In laboratory experiments, Truong and his colleagues have found that certain amino acids, particularly aspartic acid and threonine, could only be present in the warm, hydrothermally active oceans of icy moons if they were produced in the last one million years.

This means that any that were detected would likely have been produced recently, cosmically speaking, ruling them out as relics of the primordial solar system, which formed around 4.6 billion years ago.

“This paper is exciting because it helps us understand which biosignatures we may wish to target for future missions to Enceladus or Europa to search for life,” says Morgan Cable from NASA’s Jet Propulsion Laboratory in California.

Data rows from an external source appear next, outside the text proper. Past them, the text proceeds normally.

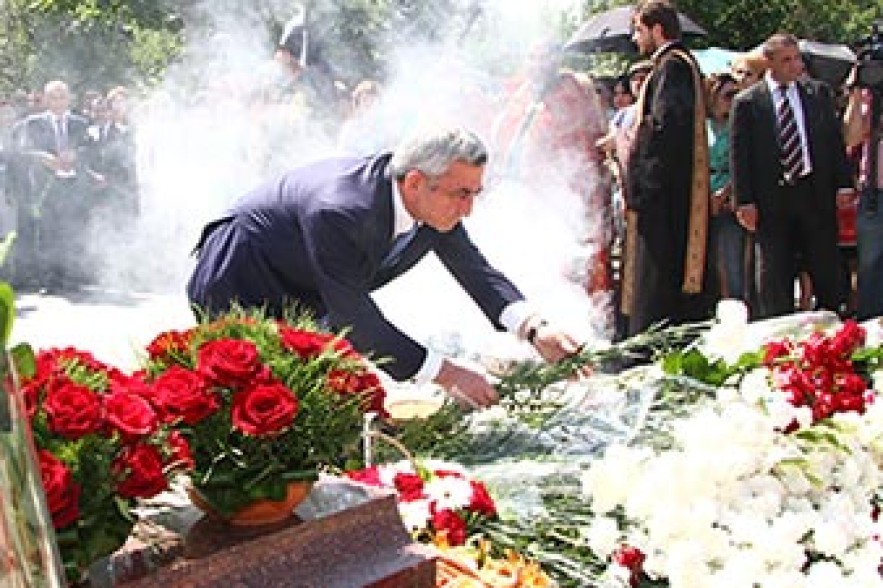 Armenian president pays tribute to memory of Andranik Margarian 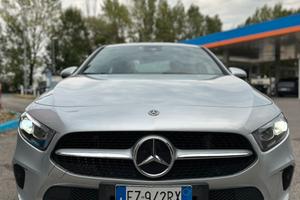 Mercedes-Benz Classe A 180d Sedan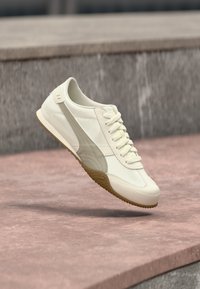 Sélectionné, warm white/pebble gray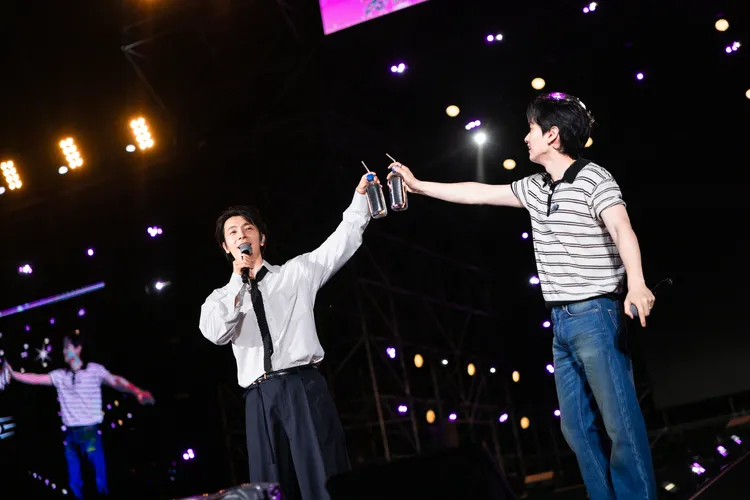 東海（左）、銀赫拿著水乾杯，喊「厚搭啦」。讀者提供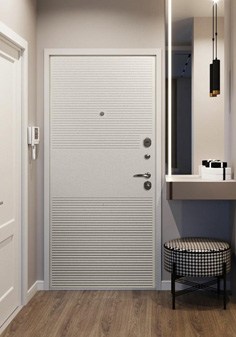 Входная дверь черного цвета в квартире-студии, вид внутри со светлой отделкой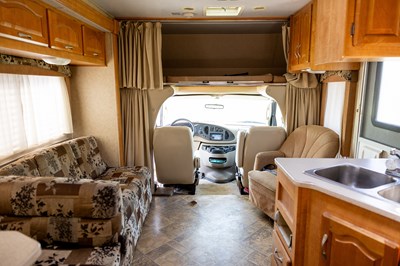 Lot 2007 Ford Motorhome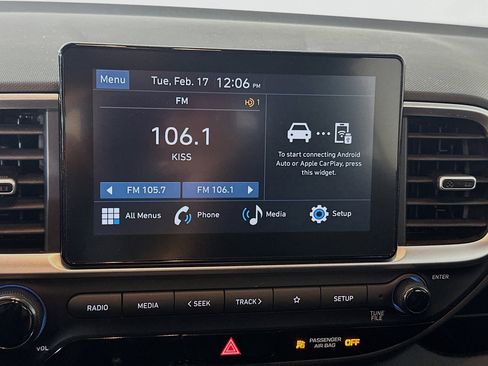 Used 2025 Hyundai Venue SEL image 21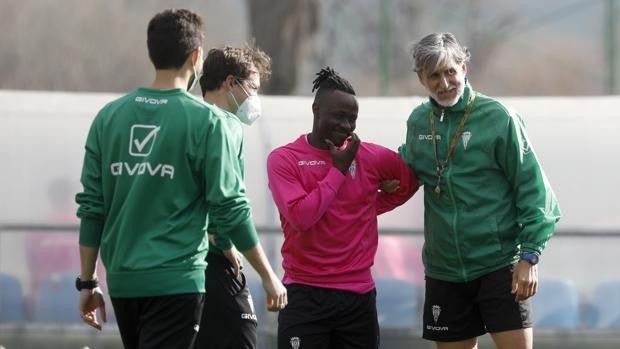 Sidibé, fuera de combate en el entrenamiento del Córdoba CF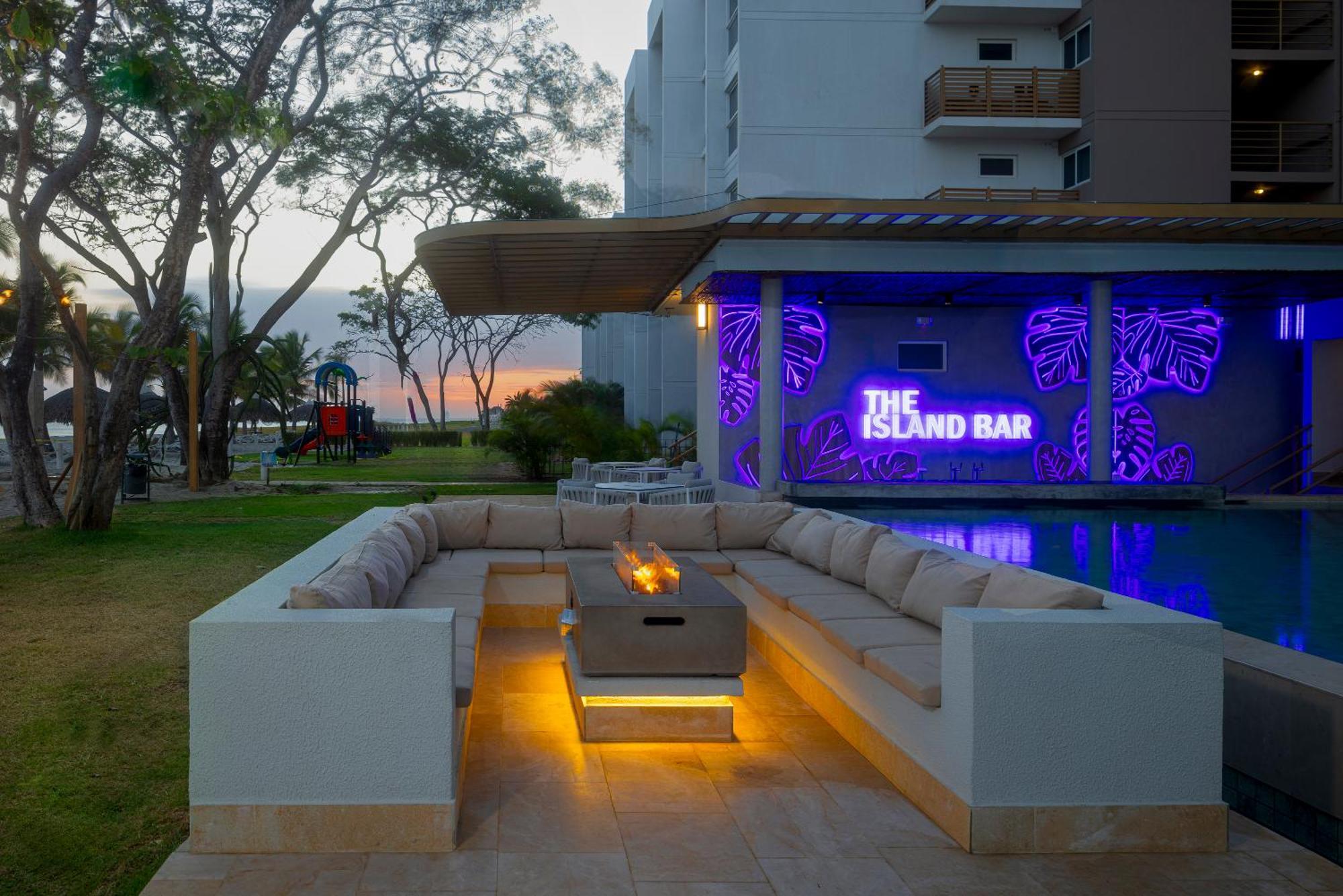 蓬塔查梅 Radisson Riviera Panama酒店 外观 照片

Such missions include NASA’s Europa Clipper, on which Cable is a team member, which is planned to launch in 2023. It will have the ability to detect amino acids on these icy worlds using two mass spectrometer instruments by flying through plumes of ejected water from the oceans, or studying the ejecta from afar.

“We’ve done experiments in the laboratory to see what kind of fingerprints you expect from all kinds of amino acids,” says Frank Postberg from the Free University of Berlin, who is working on one of Clipper’s mass spectrometers. “It’s a pretty clear fingerprint, even at low concentrations.”

Detection of amino acids alone would not prove that life is in the oceans, as they would still need be distinguished from ones produced by geological processes, such as through the interaction of water and minerals. But it would be another important piece of the puzzle towards making such a suggestion. “If we find them there that will be a really compelling reason to go back and dig deeper,” says Cable.